Task description: Somewhere below, one line contains "第97章：【第三季】报酬" and a later line contains "Hajime no Ippo". Output those two lines and everything between them exactly, and nothing else.

Records supplied:
"""

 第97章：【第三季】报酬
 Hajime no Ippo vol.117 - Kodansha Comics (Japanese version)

"""
"""

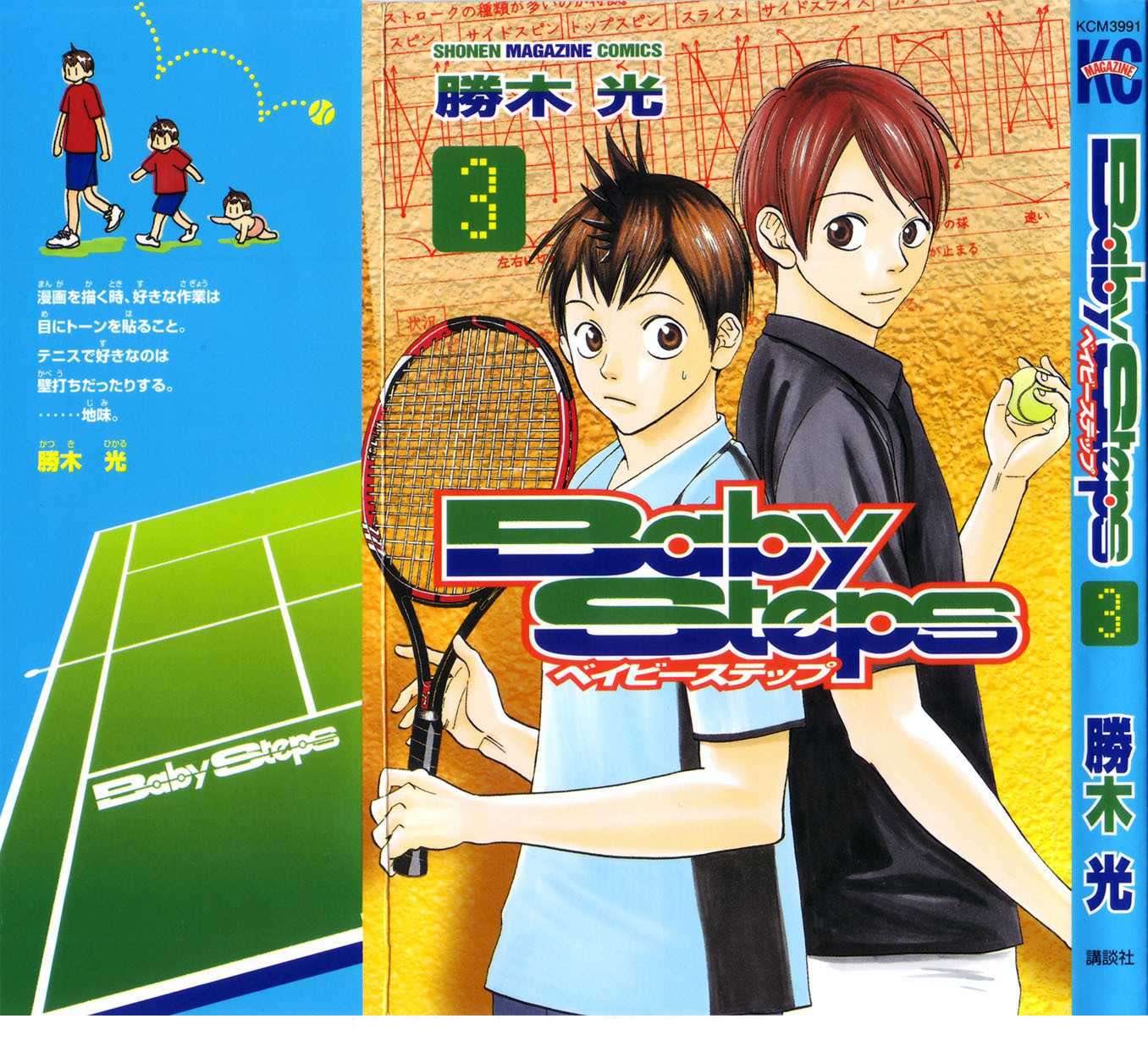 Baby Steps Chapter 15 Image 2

"""
"""

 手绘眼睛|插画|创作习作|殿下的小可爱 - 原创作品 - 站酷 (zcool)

"""

Response area:
 第97章：【第三季】报酬
 Hajime no Ippo vol.117 - Kodansha Comics (Japanese version)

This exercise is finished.